Подзаголовок «музыкально-драматическая фантазия» служит ключом к драматургической логике программы, в которой нет сюжета с его линейной направленностью, и все действие разворачивается как череда экспрессивных монологов главного героя о разных гранях любви и одновременно путешествие по эпохам. Он то прославляет Прекрасную Даму сонетами Петрарки, то страстно транслирует философию Дон Жуана строчками австрийского романтика Николауса Ленау, то пронзительно клянется стихами нашей современницы Карины Филипповой «Ваша Светлость», напоминая в этой сцене графа Резанова из рок-оперы «Юнона и Авось».
И, как это обычно случается в судьбе романтического героя, чьи порывы не находят отклика, свое утешение он обретает в музыке. В данном случае – в звуках итальянской мандолины и ее русского аналога – домры. Образ двух этих родственных инструментов с грациозным станом и переливчатым теплым тембром становится музыкальным обобщением лирической героини. Такому восприятию отвечала и сама личность солистки Екатерины Мочаловой, чьи блестящие исполнительские качества, виртуозность, музыкальность, артистизм дополнены женским обаянием и красотой.

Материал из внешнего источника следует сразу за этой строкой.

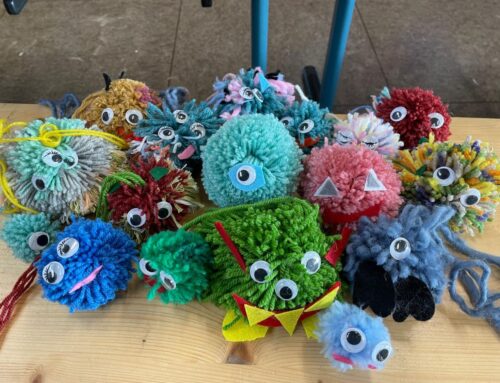 Bunte Pompons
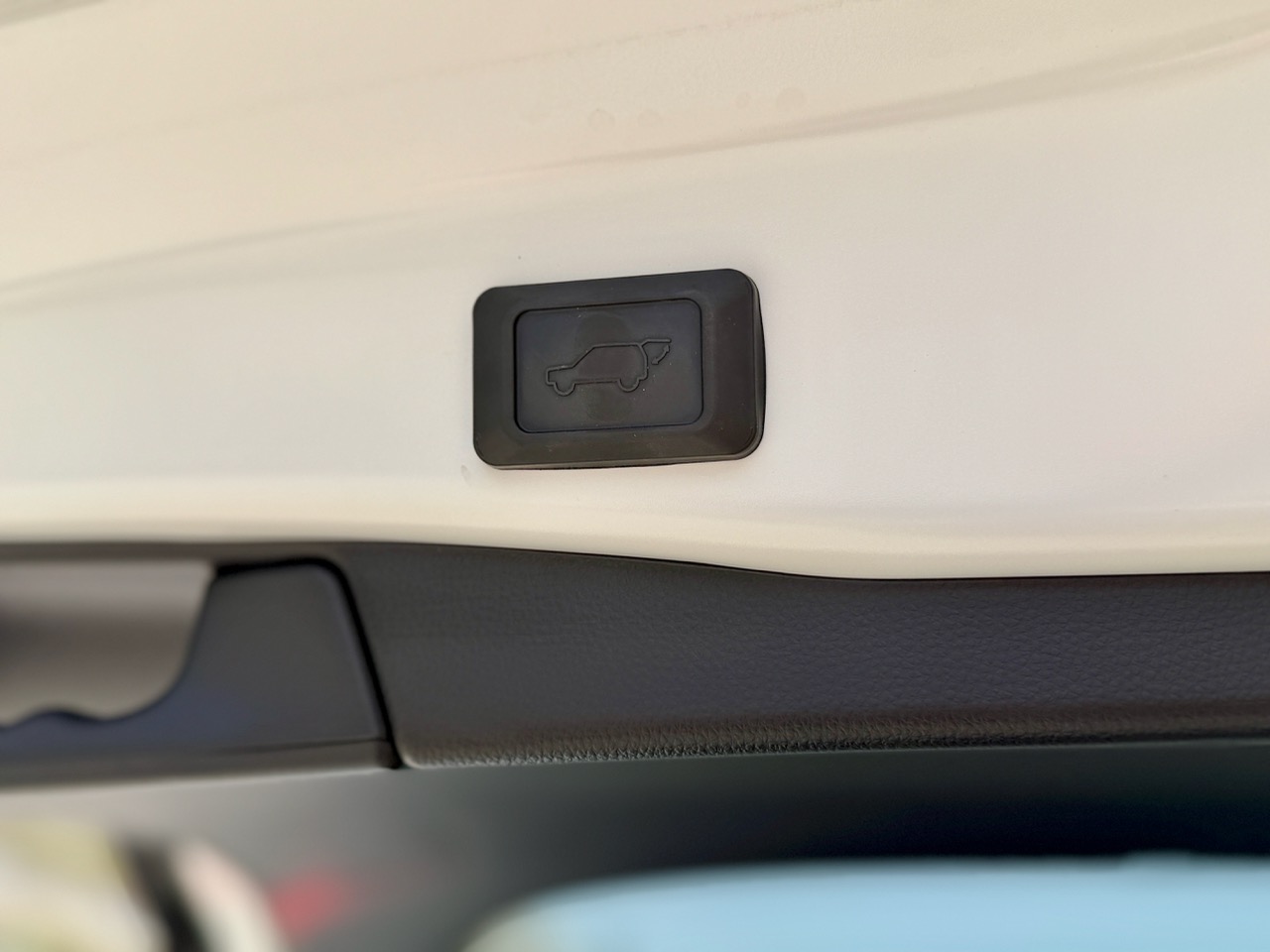 
								TOYOTA RAV 4 TRD full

Образ вечности – еще один важный план музыкального повествования, за который здесь отвечала партия органа в исполнении Евгении Кривицкой, выступившей автором программы концерта-спектакля. Величественное звучание «короля инструментов» уравновешивало экспрессию любовных экзерсисов так же, как «библейские» главы – лирическую сюжетную линию в романе Булгакова. Это касалось и тех музыкальных номеров, где орган выступал в диалоге в мандолиной и домрой, и особенно – сольных выступлений в разных частях программы («Преамбула» Бернардо Сабатини, «Офферторий» Доменико Циполи, Две пьесы для органа-часов Генделя).
В целом музыкальная часть программы была выстроена по сюитному принципу, следуя от опусов барочных мастеров к сочинениям наших современников, чередуя концертные номера с мелодекламационными сценами, одновременно обнаруживая скрытую внутреннюю трехчастность программы.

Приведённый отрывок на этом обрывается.